Data Loss and Recovery from Migrations and Rollback

Context

It is very likely the system will go through data loss when removing data table or dropping columns based on a django migration. Most of the time, this is intentional. However, in the case the migration needed to be rolled back, it is important to recover the data loss to restore the overall system into previous state.

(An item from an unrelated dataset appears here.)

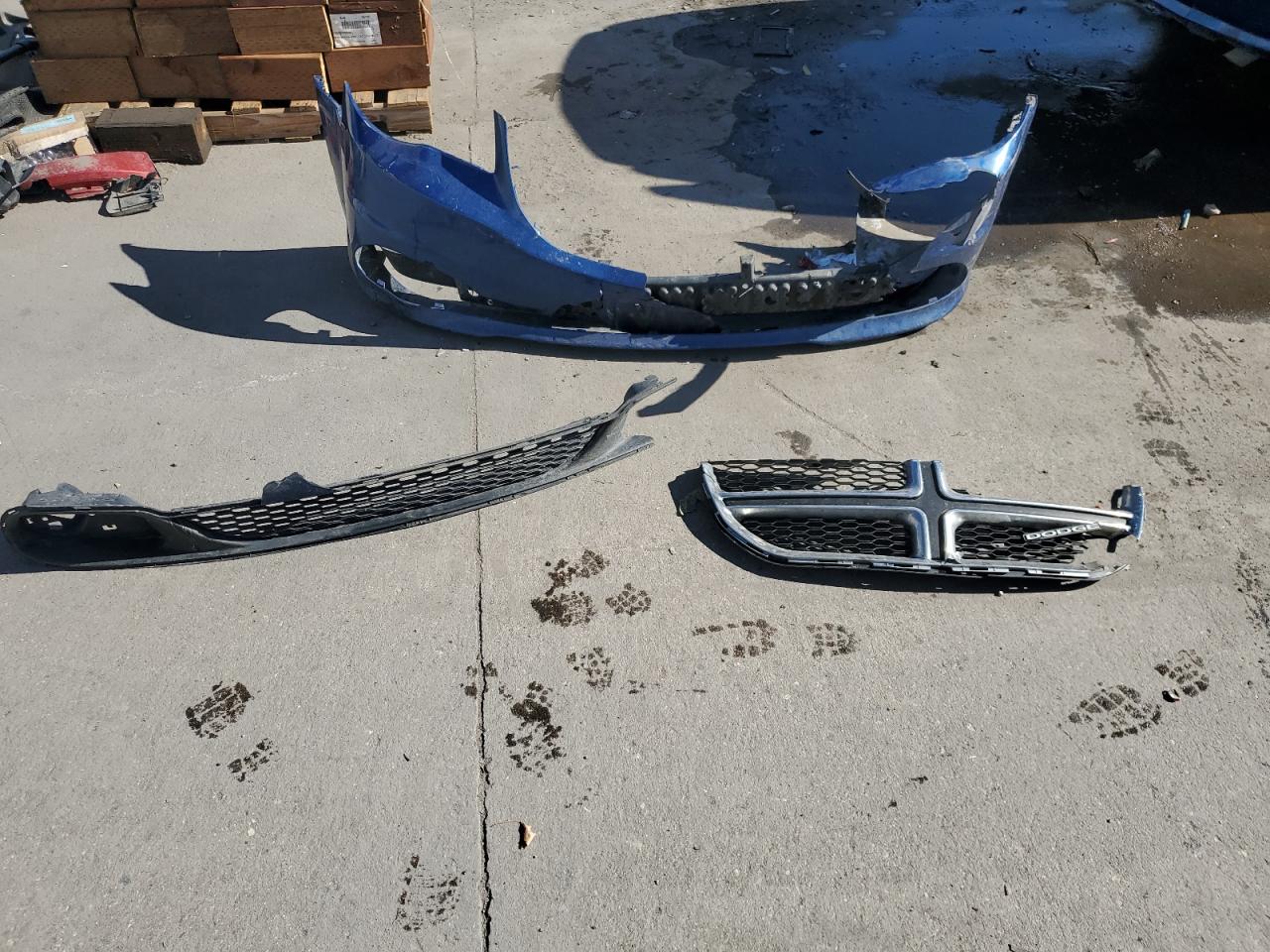 2011 Dodge Caravan VIN 2D4RN4DG9BR786593 Copart auction photo, front end damage thumbnail 13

This document provides a runbook or recommended steps of instructions to be prepared before the migration changes merges and deploys.

 

Preparations

Go to Django Admin of the edx-platform instance of all of your environments (for example: test, stage and prod). Identify the table where the data will be removed. You might need to update your own django admin permission. For edx.org, please refer to . Make sure you record down the data within those tables

  1. For example, the waffle flag remove PR for course persistent grade has the data at hostname/admin/grades/coursepersistentgradesflag/ being removed on stage. Go to the stage environment https://internal.courses.stage.edx.org/admin/grades/coursepersistentgradesflag/ to record down the data.

  2. Do the same for production environment.

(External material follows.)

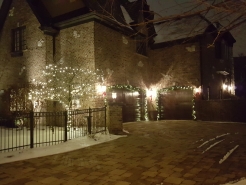 custom-christmas-lights-winnetka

  3. Do the same for edge environment

Merge and deploy

Merge the code PR first. Ensure the tables and columns to be removed are unaffected. Watch the code change PR to go to production. Perform smoke test on system manually to gain confidence things didn’t go wrong.

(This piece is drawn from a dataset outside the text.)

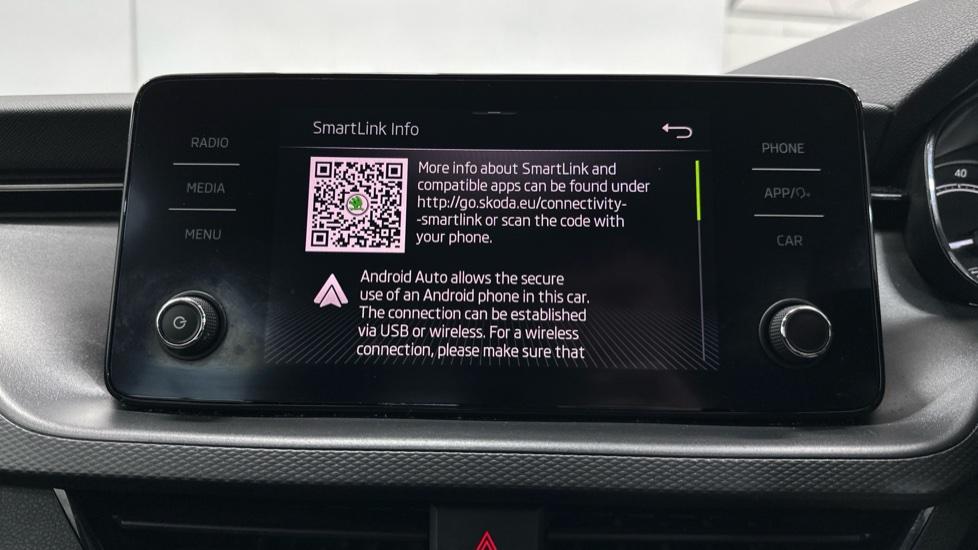 Apple Car Play & Android Auto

Merge the migration PR next. Let it go through the environments using your deployment pipeline. Perform smoke tests on your system manually to gain confidence things didn’t break.

Monitor with logs and integrated monitoring system to ensure no major errors happens because of the database table and column removal.

Revert/Roll back

In the case of revert and roll back, perform the instructions on this doc.

Then recover in the associated the data in all environments that was removed as part of the Preparations step above.